Contra a desinformação

Sendo ainda possível fazer outras contas a partir dos números supra, nenhuns dos seus resultados, contudo, contradirão a irrefutavelmente baixa quantidade de cidadãos residentes no concelho de Sintra que aproveitam a nítida vantagem de que desfrutam. Na realidade concreta dos números, aquela minha impressão correspondia a uma situação cujos contornos são bem claros.

Ora bem, perante desafios tão fascinantes, porque não aparecem os munícipes nestes lugares, num dia como o domingo, em que tudo lhes é favorável?
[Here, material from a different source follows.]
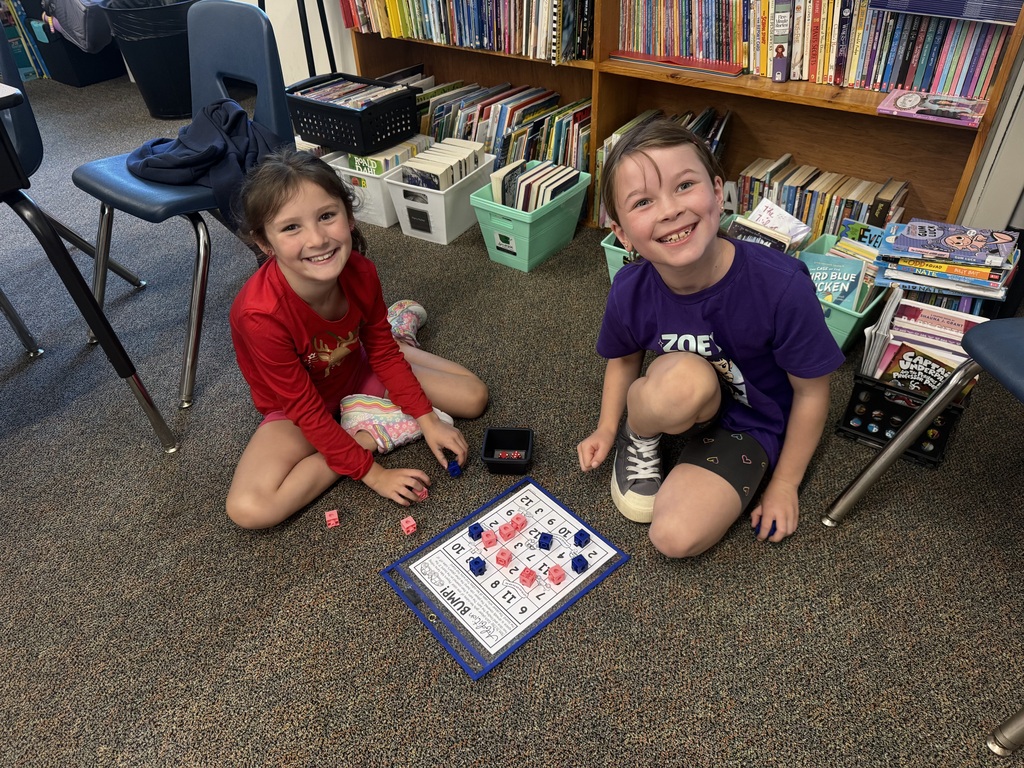 Pictures of students learning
Ou muito me engano ou, haverá por aí muita informação corrompida e, eventualmente, até vozes apostadas em baralhar e desinformar potenciais interessados, acabando por prejudicar quem desejam proteger…

Assim sendo, vítimas de tal paradoxo, não será de admirar que muitas pessoas desistam de visitar aqueles locais, ignorando as condições vantajosas de que podem beneficiar. Ou seja, leram, ouviram dizer que é tudo muito caro e quedam-se numa inércia que lhes é totalmente nociva.

Uns parágrafos acima, referia eu que o conhecimento dos números poderia conduzir a uma estratégia de remediação da situação que, além dos excelentes materiais de divulgação da PSML, nomeadamente, o site tão apelativo, pudesse contribuir para ainda levar mais longe a informação em apreço.

Porque há muitos cidadãos que não acedem à internet e, igualmente, tendo em conta o elevadíssimo nível de iliteracia que os atinge, parece-me impor-se a necessidade de intermediar as mensagens através das associações culturais, recreativas e desportivas, procurando o concurso dos párocos, para o efeito recorrendo, por exemplo, a simples cartazes, bem concebidos, elucidativos, com mensagens curtas e incisivas.

Num concelho com as características socioculturais do nosso, ainda há muito lugar para media congéneres. Urge sensibilizar os pais, avós e outros adultos de referência das crianças e jovens. Alguns deles, convenientemente esclarecidos, poderão tomar a atitude que mais os favorece neste domínio.

Claro que, com os pés bem assentes na terra, bem sabemos que sempre haverá quem não esteja minimamente interessado em visitar tais lugares. Têm as suas alternativas? Pois muito bem. Esses, malgrado a melhor vontade dos proponentes, infelizmente, jamais reclamarão pela possibilidade de qualquer modalidade de acesso gratuito.

Estatuto sólido e credível

Naturalmente, vem a propósito considerar que a Parques de Sintra Monte da Lua, não recebe um cêntimo do Orçamento Geral do Estado. Assim sendo, apesar de se tratar de uma entidade à qual portugueses em geral e sintrenses em particular tanto devem, nada custa aos contribuintes! Num país onde, infelizmente, tanta razão de queixa existe e subsiste no domínio do património público visitável, é um privilégio imenso poder contar com uma entidade que, em Sintra, é absolutamente modelar.

1 comentário:

  1. O facto da gratuitidade aos munícipes de Sintra faz todo o sentido já que somos os primeiros a sofrer com os preços - chego a pagar por um pastel de nata 1,50... o transito e as inconveniências do nº de visitantes... mas como vi no Alhanbra em Granada - preços estipulados através da origem dos visitantes - quanto mais perto mais barato - gratuito para munícipes e mais caro para quem vem de outros continentes e com grande variedade entre estes dois extremos- Devia ser dada a possibilidade aos portugueses de visitar estes espaços fabulosos através de um desconto ou uma vez por mês possibilitar a entrada gratuita até às 13. Parece-me uma boa ideia. E não seria medida por causa da crise seria para sempre.